Einer der Männer heißt Min Aung Hlaing, er ist Oberbefehlshaber des Militärs. Die US-Behörden verhängten wegen seiner Rolle bei den Rohingya-Vertreibungen Sanktionen gegen ihn. So stellte er sich zum Beispiel nach einem Massaker im Dorf Inn Din im Sommer 2017 schützend vor Soldaten, die der Gräueltaten überführt wurden. Sogar Facebook löschte ein Konto des Generals, um zu verhindern, dass er weiterhin „ethnische und religiöse Spannungen“ anfachen könne.
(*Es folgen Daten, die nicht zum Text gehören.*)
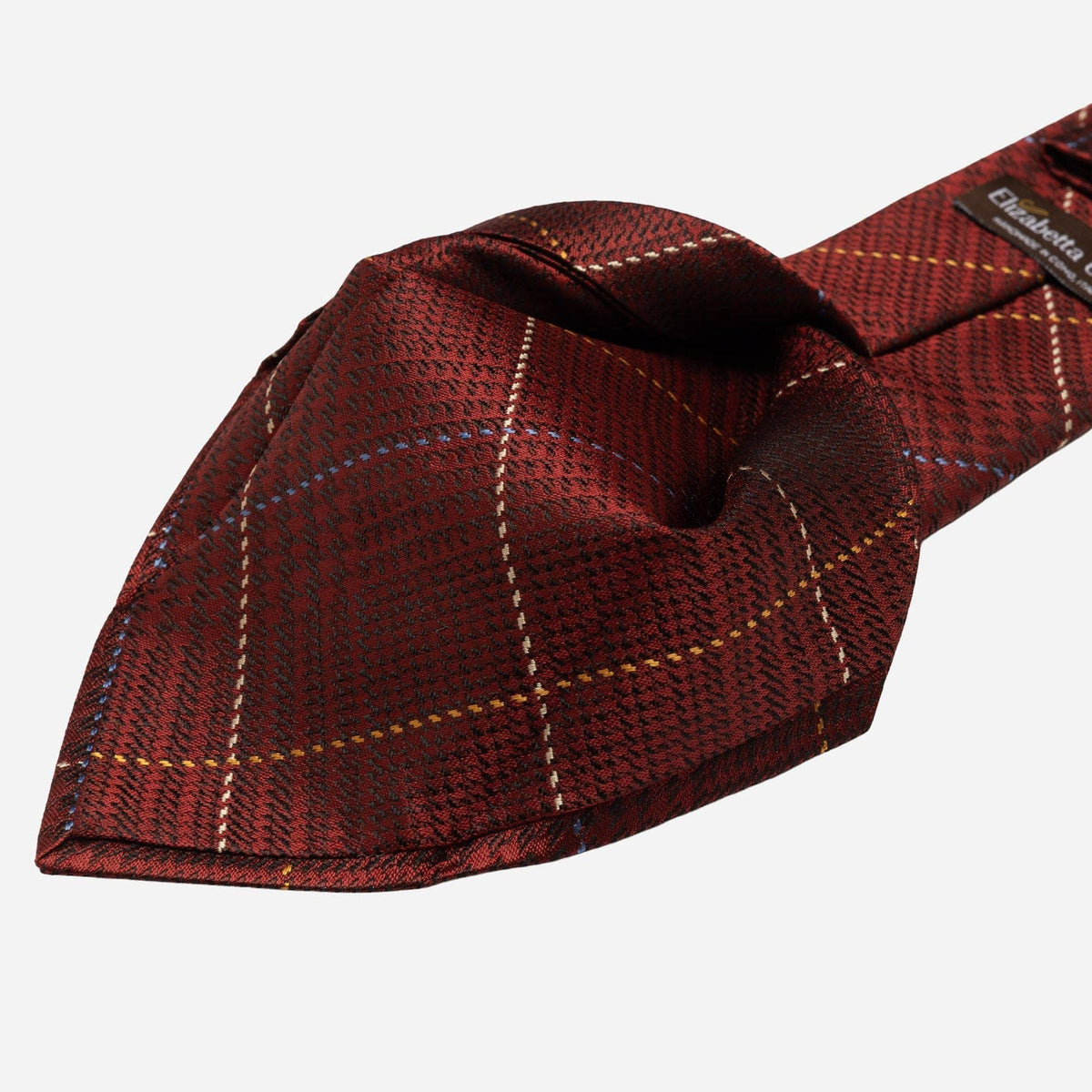 Italian Dark Red Plaid Handmade Silk Tie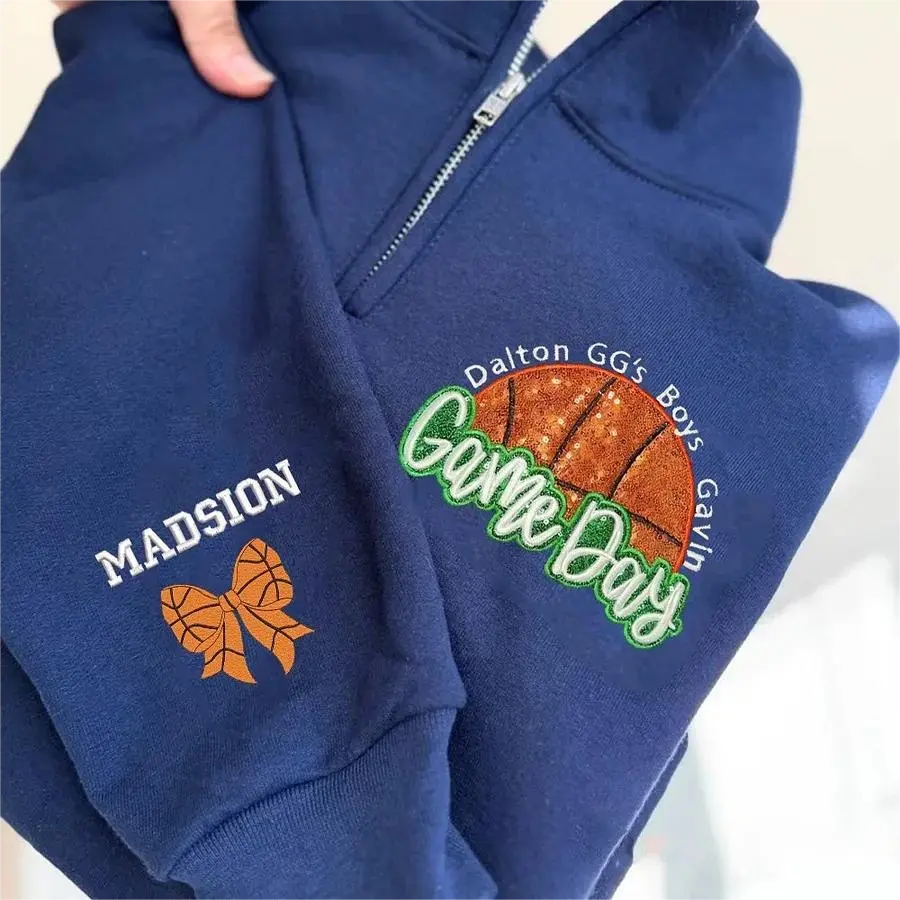 Basketball Game Day Personalized Quarter Zip Sweatshirt Basketball Mom Sweatshirt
Ein Foto mit einem übel beleumundeten General ist noch kein Beleg für unlautere Geschäfte. Schließlich kann sich niemand aussuchen, wer an einem offen zugänglichen Messestand vorbeischaut. Ein Dokument zeigt aber, dass die Militärs rund um den Besuch in Singapur um größere Summen für die Anschaffung von Camcoptern angesucht hatten: profil und der Online-Plattform „Myanmar Now“ liegt ein Budgetvorschlag des Verteidigungsminsterium für die beiden Jahre 2018 und 2019 vor.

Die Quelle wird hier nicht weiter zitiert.